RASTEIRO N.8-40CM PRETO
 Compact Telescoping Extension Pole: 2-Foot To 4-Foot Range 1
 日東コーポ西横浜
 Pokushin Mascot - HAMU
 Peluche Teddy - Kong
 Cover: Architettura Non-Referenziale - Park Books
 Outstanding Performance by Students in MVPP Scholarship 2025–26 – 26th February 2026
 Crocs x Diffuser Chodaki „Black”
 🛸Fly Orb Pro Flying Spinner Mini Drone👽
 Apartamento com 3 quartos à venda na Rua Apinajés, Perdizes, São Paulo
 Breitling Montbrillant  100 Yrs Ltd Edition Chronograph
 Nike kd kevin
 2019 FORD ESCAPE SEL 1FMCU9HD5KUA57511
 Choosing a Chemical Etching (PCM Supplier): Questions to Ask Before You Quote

- Your goal: Between the first line of the entries above and the line with "Nike kd kevin", both included, copy every line exactly and nothing outside that range.

- Answer:
RASTEIRO N.8-40CM PRETO
 Compact Telescoping Extension Pole: 2-Foot To 4-Foot Range 1
 日東コーポ西横浜
 Pokushin Mascot - HAMU
 Peluche Teddy - Kong
 Cover: Architettura Non-Referenziale - Park Books
 Outstanding Performance by Students in MVPP Scholarship 2025–26 – 26th February 2026
 Crocs x Diffuser Chodaki „Black”
 🛸Fly Orb Pro Flying Spinner Mini Drone👽
 Apartamento com 3 quartos à venda na Rua Apinajés, Perdizes, São Paulo
 Breitling Montbrillant  100 Yrs Ltd Edition Chronograph
 Nike kd kevin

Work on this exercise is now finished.